En France, le durcissement de la prévention pourrait donner le coup de grâce aux petits marchés de volailles vivantes. Gilles Rousseau, président de la fédération des marchés de bétail vif, ne donne pas cher de la survie de ce commerce rural qui survit en marge des grands circuits intégrés. Certains de ces marchés se tiennent en même temps que les marchés aux bestiaux, comme sur le sien, aux Hérolles, dans la Vienne.

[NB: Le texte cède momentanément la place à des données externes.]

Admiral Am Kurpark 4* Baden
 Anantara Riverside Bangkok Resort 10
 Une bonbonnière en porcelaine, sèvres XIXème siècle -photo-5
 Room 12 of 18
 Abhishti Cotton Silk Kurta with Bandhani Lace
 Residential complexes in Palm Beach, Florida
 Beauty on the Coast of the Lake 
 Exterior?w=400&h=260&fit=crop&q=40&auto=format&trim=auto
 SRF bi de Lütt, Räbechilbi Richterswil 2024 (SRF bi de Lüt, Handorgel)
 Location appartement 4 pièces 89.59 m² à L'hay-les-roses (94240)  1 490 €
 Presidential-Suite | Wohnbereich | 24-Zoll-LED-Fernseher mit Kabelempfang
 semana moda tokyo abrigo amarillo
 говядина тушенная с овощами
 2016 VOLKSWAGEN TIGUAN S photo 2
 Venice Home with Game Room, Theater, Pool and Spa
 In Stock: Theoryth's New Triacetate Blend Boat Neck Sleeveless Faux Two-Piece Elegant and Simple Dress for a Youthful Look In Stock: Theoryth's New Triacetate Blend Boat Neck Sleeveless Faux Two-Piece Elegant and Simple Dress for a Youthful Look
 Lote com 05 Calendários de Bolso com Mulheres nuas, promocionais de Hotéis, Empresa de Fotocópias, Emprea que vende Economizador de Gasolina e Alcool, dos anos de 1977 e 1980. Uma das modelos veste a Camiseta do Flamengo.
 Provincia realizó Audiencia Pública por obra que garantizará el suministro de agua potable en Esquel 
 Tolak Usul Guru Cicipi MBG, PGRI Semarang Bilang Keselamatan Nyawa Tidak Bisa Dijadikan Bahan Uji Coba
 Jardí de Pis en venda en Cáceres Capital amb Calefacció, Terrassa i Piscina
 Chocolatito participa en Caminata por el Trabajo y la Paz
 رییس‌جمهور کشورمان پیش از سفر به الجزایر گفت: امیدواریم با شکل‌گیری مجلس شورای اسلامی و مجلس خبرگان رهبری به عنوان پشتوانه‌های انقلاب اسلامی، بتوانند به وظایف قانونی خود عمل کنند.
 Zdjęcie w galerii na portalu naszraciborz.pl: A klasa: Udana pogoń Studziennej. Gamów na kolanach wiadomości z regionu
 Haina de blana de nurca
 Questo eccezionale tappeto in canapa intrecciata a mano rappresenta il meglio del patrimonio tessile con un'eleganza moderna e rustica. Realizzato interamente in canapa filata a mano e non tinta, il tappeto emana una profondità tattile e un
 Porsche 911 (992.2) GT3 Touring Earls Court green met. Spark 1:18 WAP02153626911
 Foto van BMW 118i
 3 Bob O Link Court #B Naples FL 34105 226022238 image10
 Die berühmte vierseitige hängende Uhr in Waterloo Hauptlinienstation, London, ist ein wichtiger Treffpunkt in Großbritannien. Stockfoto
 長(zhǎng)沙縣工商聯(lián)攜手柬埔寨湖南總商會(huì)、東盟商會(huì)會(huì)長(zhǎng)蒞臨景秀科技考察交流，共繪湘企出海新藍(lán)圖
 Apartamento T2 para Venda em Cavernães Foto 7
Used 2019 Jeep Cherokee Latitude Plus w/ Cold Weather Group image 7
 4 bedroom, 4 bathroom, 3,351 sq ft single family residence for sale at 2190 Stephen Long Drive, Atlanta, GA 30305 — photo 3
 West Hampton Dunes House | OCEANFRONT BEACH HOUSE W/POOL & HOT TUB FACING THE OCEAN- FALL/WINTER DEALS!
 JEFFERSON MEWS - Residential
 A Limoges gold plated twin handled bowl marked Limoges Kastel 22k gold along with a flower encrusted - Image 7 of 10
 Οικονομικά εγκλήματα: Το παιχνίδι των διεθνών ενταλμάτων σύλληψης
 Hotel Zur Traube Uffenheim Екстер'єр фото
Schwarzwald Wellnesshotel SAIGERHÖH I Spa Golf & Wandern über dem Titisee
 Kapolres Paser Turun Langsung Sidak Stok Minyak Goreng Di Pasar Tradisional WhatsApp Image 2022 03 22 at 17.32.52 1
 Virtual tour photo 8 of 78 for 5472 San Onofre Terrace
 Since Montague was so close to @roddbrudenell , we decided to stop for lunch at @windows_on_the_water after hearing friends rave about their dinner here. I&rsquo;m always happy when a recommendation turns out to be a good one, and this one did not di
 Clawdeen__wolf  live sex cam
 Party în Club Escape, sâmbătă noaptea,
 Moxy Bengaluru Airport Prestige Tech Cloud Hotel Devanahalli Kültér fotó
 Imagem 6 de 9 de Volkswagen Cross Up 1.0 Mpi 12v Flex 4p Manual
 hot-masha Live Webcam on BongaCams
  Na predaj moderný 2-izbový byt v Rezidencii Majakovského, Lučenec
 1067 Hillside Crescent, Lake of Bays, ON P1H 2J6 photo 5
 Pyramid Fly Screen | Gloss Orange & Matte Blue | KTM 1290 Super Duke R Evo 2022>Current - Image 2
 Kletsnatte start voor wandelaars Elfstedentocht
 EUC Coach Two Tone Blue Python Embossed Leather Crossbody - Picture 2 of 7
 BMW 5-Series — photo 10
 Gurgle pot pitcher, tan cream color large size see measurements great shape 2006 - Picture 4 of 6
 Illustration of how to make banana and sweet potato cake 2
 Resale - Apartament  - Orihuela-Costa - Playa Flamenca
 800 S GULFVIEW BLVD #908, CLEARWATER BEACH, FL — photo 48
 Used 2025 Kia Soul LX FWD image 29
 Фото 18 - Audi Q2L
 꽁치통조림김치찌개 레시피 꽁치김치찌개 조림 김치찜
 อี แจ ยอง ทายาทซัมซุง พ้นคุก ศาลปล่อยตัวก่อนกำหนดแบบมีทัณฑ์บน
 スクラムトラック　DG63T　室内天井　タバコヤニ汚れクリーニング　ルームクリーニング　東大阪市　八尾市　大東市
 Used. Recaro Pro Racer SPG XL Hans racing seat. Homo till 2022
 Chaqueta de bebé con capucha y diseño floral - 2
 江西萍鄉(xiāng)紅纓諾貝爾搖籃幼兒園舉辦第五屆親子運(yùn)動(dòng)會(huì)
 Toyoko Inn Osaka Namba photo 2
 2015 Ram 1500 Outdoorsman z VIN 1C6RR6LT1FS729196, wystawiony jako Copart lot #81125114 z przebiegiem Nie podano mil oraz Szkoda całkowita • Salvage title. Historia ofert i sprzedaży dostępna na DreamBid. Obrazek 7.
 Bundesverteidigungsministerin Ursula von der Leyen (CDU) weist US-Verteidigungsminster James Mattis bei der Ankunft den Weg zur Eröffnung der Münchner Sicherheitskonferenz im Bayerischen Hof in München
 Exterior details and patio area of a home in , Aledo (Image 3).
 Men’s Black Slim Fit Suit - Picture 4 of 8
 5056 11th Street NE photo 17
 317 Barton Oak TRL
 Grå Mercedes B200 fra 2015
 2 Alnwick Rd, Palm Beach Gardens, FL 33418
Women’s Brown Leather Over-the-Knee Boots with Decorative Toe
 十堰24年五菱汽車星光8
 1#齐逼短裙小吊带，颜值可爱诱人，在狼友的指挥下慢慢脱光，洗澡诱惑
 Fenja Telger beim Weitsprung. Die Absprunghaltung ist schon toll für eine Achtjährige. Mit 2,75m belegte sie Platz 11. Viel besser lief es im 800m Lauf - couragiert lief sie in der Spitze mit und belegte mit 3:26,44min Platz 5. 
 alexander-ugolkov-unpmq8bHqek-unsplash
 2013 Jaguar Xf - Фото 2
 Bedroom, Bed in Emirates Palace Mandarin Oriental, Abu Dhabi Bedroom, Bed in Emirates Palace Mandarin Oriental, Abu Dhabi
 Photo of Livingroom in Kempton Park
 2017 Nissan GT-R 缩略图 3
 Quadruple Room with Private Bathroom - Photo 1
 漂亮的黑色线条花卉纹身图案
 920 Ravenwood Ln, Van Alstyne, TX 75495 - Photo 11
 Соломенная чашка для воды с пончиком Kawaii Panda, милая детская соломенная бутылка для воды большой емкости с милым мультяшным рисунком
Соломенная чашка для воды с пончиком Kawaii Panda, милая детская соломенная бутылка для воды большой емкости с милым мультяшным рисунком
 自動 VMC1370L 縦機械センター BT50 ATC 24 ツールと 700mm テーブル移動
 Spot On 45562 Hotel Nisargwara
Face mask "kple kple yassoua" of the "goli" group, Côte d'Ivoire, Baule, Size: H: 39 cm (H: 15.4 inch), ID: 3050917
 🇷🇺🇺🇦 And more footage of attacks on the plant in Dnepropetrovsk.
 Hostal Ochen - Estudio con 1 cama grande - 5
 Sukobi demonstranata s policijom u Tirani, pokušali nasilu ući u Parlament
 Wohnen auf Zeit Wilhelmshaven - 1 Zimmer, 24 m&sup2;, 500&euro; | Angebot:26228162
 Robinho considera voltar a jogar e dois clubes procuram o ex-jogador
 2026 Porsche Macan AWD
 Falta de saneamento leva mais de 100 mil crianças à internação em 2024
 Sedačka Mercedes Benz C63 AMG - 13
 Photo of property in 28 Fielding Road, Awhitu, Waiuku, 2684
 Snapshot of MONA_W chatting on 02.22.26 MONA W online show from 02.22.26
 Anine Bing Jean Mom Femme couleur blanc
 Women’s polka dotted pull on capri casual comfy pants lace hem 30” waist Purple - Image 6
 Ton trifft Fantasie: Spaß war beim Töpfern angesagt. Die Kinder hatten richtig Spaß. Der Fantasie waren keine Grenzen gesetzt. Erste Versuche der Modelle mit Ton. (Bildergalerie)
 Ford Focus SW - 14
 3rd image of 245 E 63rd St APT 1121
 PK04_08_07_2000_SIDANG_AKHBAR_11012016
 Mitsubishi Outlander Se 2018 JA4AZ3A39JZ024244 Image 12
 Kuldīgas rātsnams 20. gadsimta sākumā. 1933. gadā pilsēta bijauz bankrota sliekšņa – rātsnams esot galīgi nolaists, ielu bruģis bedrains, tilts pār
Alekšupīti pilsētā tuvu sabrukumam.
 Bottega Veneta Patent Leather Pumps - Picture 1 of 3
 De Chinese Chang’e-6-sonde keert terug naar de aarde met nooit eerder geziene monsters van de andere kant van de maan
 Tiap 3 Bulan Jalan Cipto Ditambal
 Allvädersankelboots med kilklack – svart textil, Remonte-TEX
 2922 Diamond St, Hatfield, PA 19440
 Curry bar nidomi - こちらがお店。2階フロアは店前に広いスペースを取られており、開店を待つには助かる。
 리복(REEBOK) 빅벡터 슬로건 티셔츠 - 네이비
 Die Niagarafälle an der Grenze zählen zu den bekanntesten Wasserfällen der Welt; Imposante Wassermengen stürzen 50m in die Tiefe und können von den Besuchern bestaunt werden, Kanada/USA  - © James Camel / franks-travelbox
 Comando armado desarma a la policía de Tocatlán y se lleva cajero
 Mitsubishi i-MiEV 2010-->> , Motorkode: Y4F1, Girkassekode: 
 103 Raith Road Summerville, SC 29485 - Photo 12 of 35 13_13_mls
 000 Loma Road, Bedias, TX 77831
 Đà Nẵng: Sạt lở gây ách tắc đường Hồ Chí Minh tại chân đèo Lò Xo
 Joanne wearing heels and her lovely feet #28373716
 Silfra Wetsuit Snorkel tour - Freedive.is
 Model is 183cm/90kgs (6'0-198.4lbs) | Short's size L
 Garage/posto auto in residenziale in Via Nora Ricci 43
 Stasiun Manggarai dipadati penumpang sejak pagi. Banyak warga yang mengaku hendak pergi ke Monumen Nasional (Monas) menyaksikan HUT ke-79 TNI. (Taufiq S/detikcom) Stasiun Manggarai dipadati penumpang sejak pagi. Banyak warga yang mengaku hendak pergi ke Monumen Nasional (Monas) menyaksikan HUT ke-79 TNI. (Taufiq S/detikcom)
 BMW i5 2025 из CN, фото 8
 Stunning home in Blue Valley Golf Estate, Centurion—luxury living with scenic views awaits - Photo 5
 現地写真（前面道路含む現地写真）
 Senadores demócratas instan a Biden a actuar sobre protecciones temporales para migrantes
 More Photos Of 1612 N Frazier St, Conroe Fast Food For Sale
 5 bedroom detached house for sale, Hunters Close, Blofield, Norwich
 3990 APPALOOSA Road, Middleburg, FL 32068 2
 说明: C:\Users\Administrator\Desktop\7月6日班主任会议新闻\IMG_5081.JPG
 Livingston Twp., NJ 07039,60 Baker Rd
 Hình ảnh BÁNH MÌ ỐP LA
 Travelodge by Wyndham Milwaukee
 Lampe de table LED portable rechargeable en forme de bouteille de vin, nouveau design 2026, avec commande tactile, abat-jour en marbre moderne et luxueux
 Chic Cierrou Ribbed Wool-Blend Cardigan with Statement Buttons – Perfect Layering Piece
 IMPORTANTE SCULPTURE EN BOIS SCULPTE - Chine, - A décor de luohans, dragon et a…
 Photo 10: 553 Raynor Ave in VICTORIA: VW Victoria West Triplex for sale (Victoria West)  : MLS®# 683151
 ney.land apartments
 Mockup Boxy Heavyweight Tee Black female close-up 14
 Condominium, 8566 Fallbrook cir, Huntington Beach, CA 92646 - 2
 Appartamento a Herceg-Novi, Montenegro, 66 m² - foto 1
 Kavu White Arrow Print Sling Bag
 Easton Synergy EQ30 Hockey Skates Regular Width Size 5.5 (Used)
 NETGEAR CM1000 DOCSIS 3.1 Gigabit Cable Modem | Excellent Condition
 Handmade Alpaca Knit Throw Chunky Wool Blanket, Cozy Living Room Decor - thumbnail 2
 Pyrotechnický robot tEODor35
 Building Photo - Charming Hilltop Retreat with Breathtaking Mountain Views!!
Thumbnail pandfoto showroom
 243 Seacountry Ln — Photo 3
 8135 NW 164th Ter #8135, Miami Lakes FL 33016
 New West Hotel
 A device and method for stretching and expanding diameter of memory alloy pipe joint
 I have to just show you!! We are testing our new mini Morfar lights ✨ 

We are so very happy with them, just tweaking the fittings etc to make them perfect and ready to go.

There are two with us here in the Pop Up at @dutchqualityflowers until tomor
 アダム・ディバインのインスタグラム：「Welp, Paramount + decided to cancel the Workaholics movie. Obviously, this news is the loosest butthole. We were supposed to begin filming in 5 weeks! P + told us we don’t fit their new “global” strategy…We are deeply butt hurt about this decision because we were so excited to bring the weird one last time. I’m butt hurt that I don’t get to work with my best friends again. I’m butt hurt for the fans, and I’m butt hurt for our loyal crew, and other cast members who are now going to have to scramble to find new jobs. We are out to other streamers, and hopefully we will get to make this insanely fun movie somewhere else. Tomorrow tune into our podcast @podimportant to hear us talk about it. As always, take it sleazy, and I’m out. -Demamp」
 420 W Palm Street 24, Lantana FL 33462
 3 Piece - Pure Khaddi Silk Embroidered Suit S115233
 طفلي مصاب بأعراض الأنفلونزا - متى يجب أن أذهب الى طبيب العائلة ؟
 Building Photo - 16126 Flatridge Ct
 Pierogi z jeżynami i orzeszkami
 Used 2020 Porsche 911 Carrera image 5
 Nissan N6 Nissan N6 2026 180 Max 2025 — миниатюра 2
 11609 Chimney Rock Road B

Aujourd'hui, le marché aux volailles vivantes des Hérolles tourne au ralenti avec des oiseaux venant des départements à risque limité de contamination par les oiseaux migrateurs.
Les marchés au vivant sans défense
Si la zone de protection spéciale s'étend à tout le territoire métropolitain, les quelques vendeurs présents ne viendront plus. Chaque département compte ordinairement deux ou trois de ces marchés, qui mettent de l'ambiance sur les marchés aux bestiaux (celui des Hérolles fait venir jusqu'à 3 000 personnes chaque mois) et participent à la vitalité des campagnes.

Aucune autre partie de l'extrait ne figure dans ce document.